- [Requirement]: Repeat each record exactly, skipping the pictures.

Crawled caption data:
──────────────────────────────

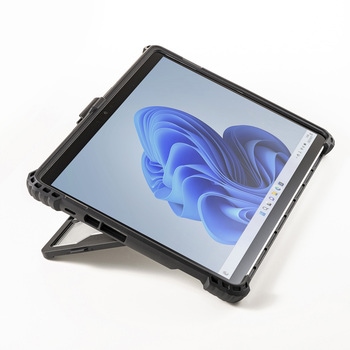 タブレットケース Surface Pro 第11世代/10/9用 ショルダーベルト付き サンワサプライ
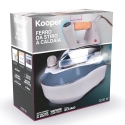 Ferro de engomar a vapor com caldeira 850 ml 2000W Kivra Custo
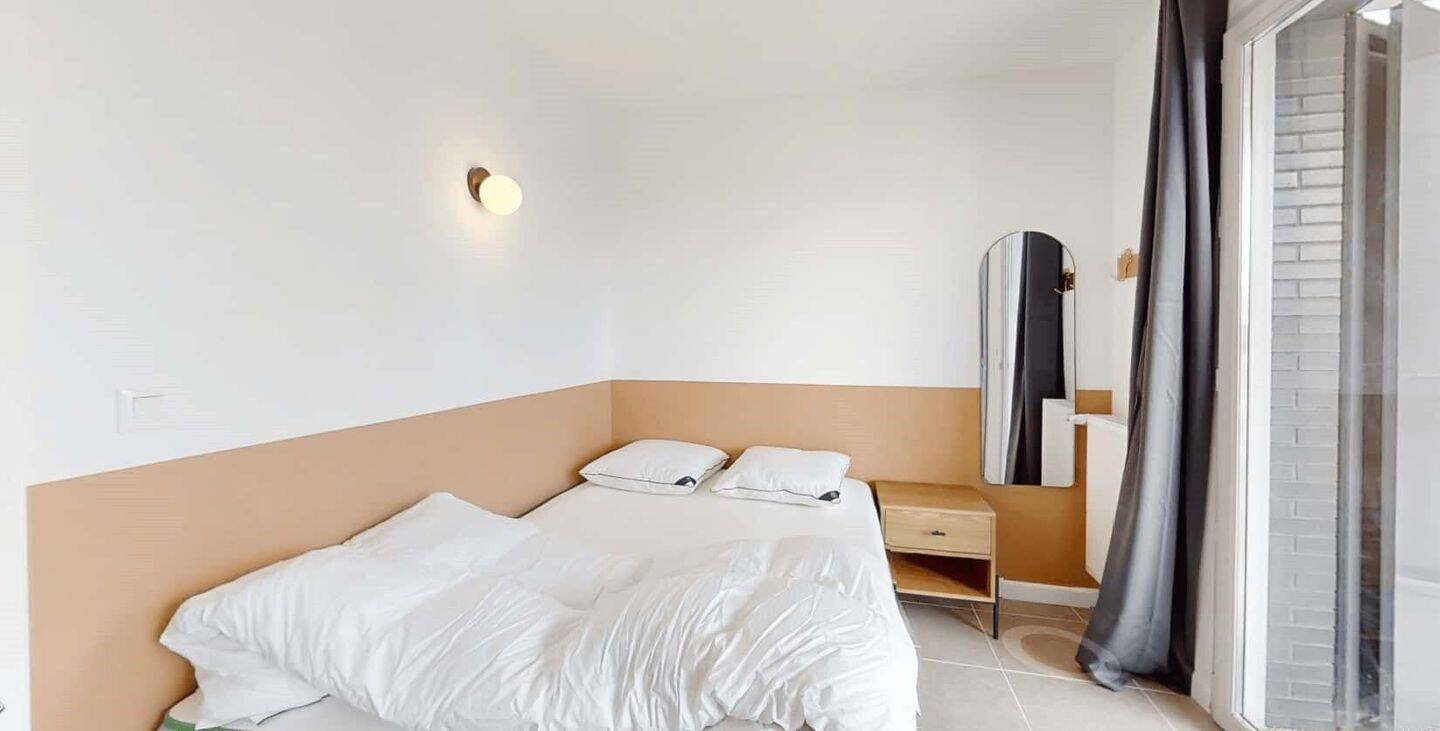 Bordeaux Marcel Dassault 3 - Private Room (2) - Colocation — 1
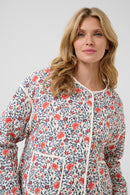 Naomi Jacket - Porcelain Rose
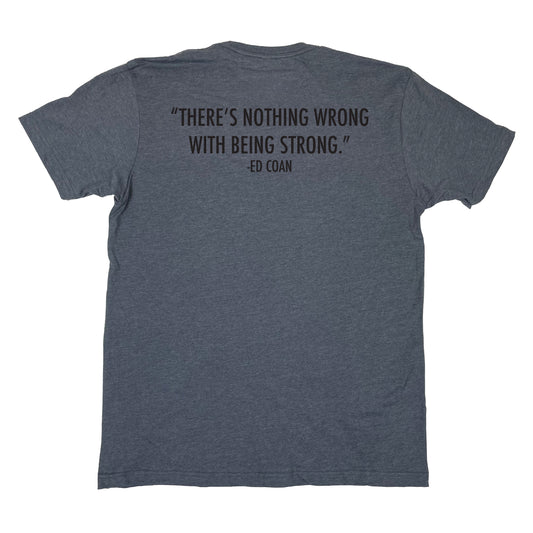 CORE ED COAN METAL TEE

──────────────────────────────

- [Result below]:
 タブレットケース Surface Pro 第11世代/10/9用 ショルダーベルト付き サンワサプライ
 Ferro de engomar a vapor com caldeira 850 ml 2000W Kivra Custo
 Bordeaux Marcel Dassault 3 - Private Room (2) - Colocation — 1
 Naomi Jacket - Porcelain Rose
 CORE ED COAN METAL TEE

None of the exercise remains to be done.